▸ **What to do**
With pictures left out, output exactly the lines from the line holding "The 3 Keys to" through the end of the data, both included.

▸ **Material for this task**
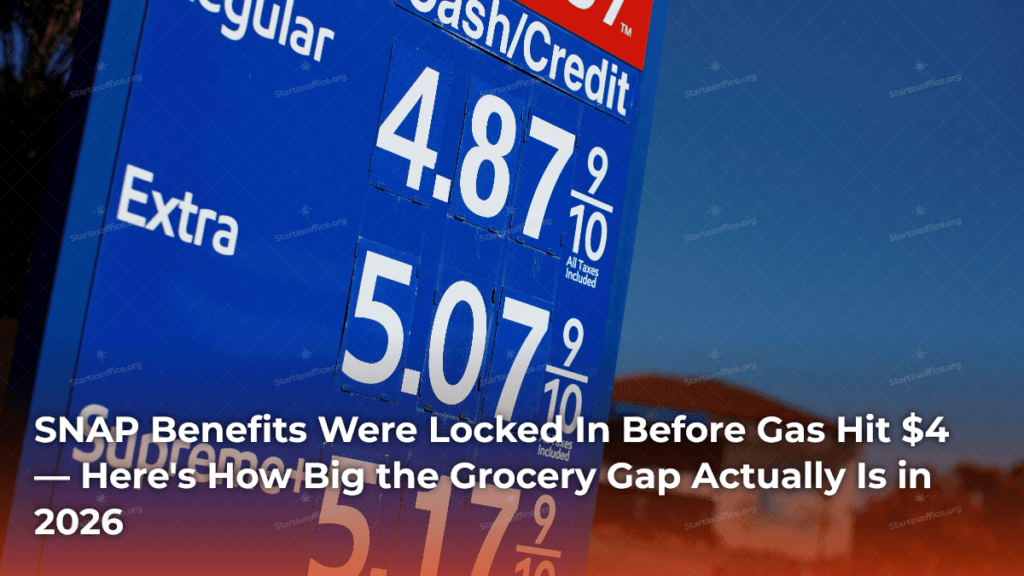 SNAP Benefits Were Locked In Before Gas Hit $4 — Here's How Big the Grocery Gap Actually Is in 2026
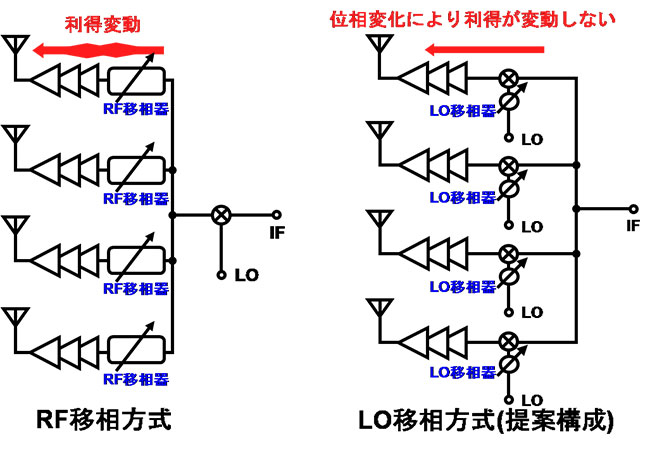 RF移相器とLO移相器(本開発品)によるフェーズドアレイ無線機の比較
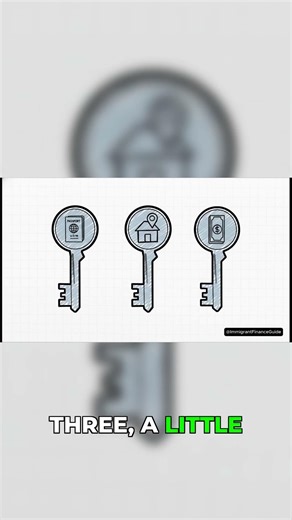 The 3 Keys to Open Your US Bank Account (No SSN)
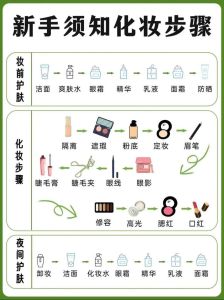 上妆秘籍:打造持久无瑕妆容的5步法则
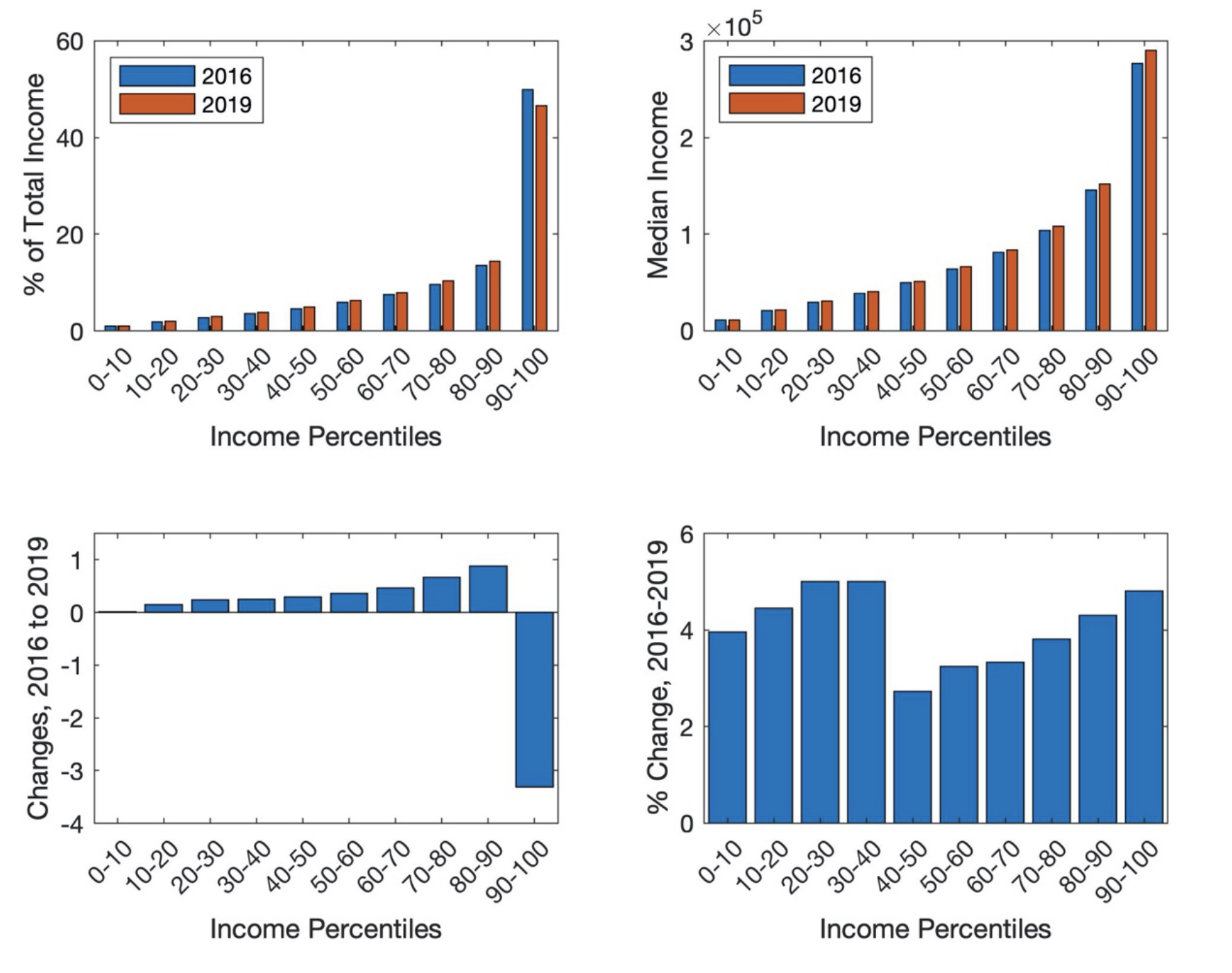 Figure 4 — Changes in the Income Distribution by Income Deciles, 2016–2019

▸ **Response to the exercise**
 The 3 Keys to Open Your US Bank Account (No SSN)
 上妆秘籍:打造持久无瑕妆容的5步法则
 Figure 4 — Changes in the Income Distribution by Income Deciles, 2016–2019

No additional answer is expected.